__Work order__
Please restate the entries below word for word, leaving out any pictures.

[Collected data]
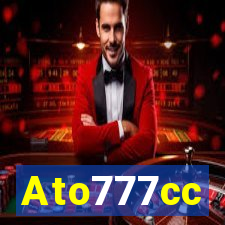 Ato777cc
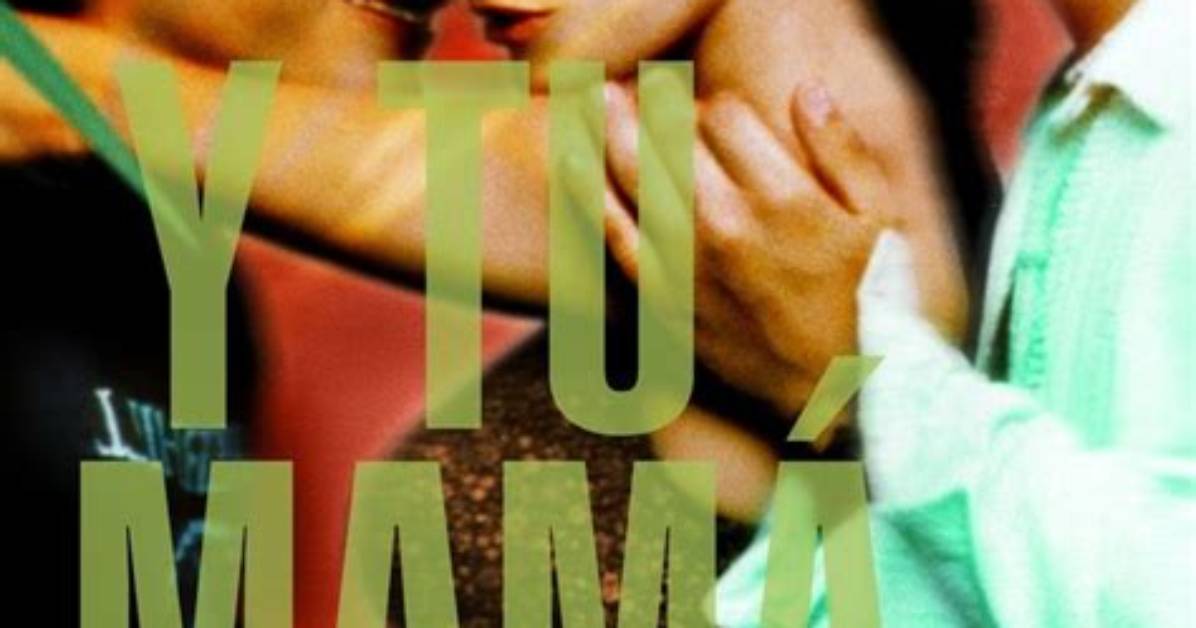 Tu Ruboruga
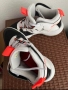 Jordan маратонки оргинални 44 номер , снимка 5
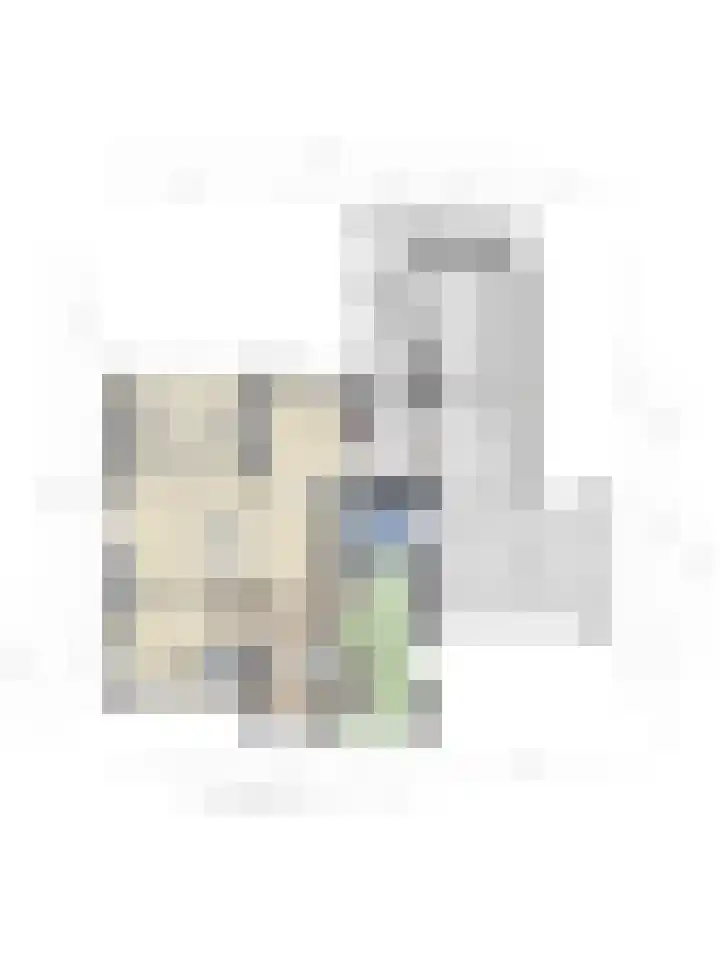 De Poter 1 Veldhoven thumbnail 44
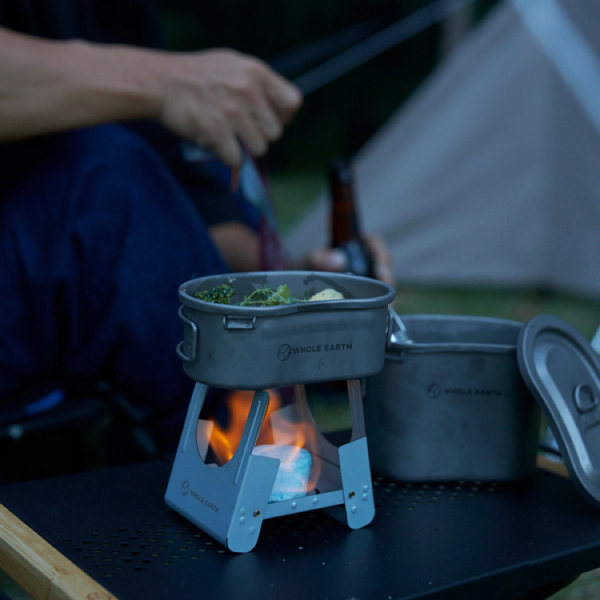 自然大好き！ニッチ・リッチ・キャッチ ナ ～ ハ 行 【セール】ホール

__Solution__
 Ato777cc
 Tu Ruboruga
 Jordan маратонки оргинални 44 номер , снимка 5
 De Poter 1 Veldhoven thumbnail 44
 自然大好き！ニッチ・リッチ・キャッチ ナ ～ ハ 行 【セール】ホール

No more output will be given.